In this handout we will see how to obtain information about the relationships between spatial layers using R. You have already tried this in QGIS. The information will be the same regardless of the softweare used. The advantage of conducting this step in R is that there is no need for intermediate files. The data obtained is immediately available for statistical analysis using the tools that you have already seen.
Although GIS work does have a strong visual component, i.e. making maps, looking at maps and presenting maps to the audience for your analysis, a lot of GIS work does not produce new maps. When running some forms of spatial analysis it can be helpful to quickly visualise the results in order to check that they are as expected (this can be done easily using mapview). However much of the time all that happens is that new data representing the relationships between objects is added to the data you already have. These results are then analysed in a non spatial manner.

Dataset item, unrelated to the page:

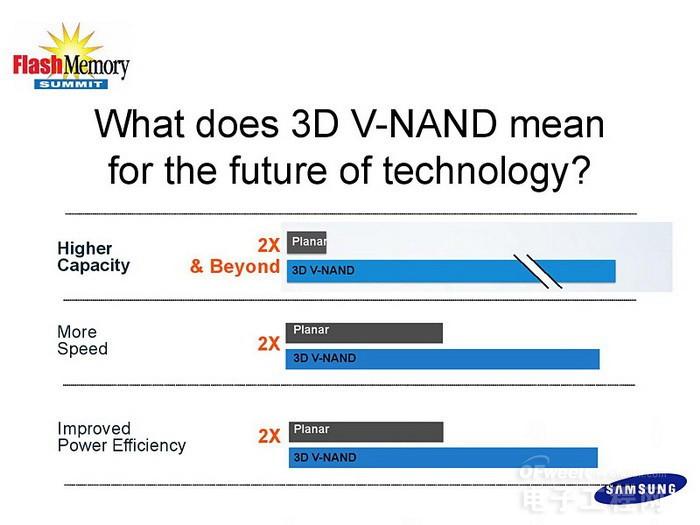 剖析3D NAND闪存市场现状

knitr::opts_chunk$set(echo = TRUE, message=FALSE, warning = FALSE,echo = TRUE)
library(tidyverse)
library(mapview)
library(sf)
library(tmap)
library(RColorBrewer)
library(elevatr)
library(raster)
library(units)
library(leaflet.extras)
birds<- st_read("Bird-data-v1.shp")
## Reading layer `Bird-data-v1' from data source
## `/home/rstudio/webpages/books/Bird_mapping_assignment/Bird-data-v1.shp'
## using driver `ESRI Shapefile'
## Simple feature collection with 16732 features and 1 field
## Geometry type: POINT
## Dimension: XY
## Bounding box: xmin: 378500 ymin: 75500.02 xmax: 435500 ymax: 113000.1
## Projected CRS: OSGB 1936 / British National Grid
habitat<-st_read("Land-cover-data-v1.shp")
## Reading layer `Land-cover-data-v1' from data source
## `/home/rstudio/webpages/books/Bird_mapping_assignment/Land-cover-data-v1.shp'
## using driver `ESRI Shapefile'
## Simple feature collection with 9 features and 1 field
## Geometry type: MULTIPOLYGON
## Dimension: XY
## Bounding box: xmin: 378387 ymin: 75197.4 xmax: 435753 ymax: 113266
## Projected CRS: OSGB 1936 / British National Grid
Note that we may as well use a very low resolution DEM here as the bird data is spaced 1km apart.
dem<-elevatr::get_elev_raster(birds, z=6)
We could use the coastline layer in the data folder. However this is very detailed and there is no real need to find very precise measurements given the scale of the bird data. So I will take a general map of the outline of the UK and use that. It needs to be cast to a linestring and projected to British National Grid.
library(rnaturalearth)
coast<-st_as_sf(rnaturalearthhires::countries10)
filter(coast, NAME=="United Kingdom") -> coast
coast <- st_cast(coast,"MULTILINESTRING")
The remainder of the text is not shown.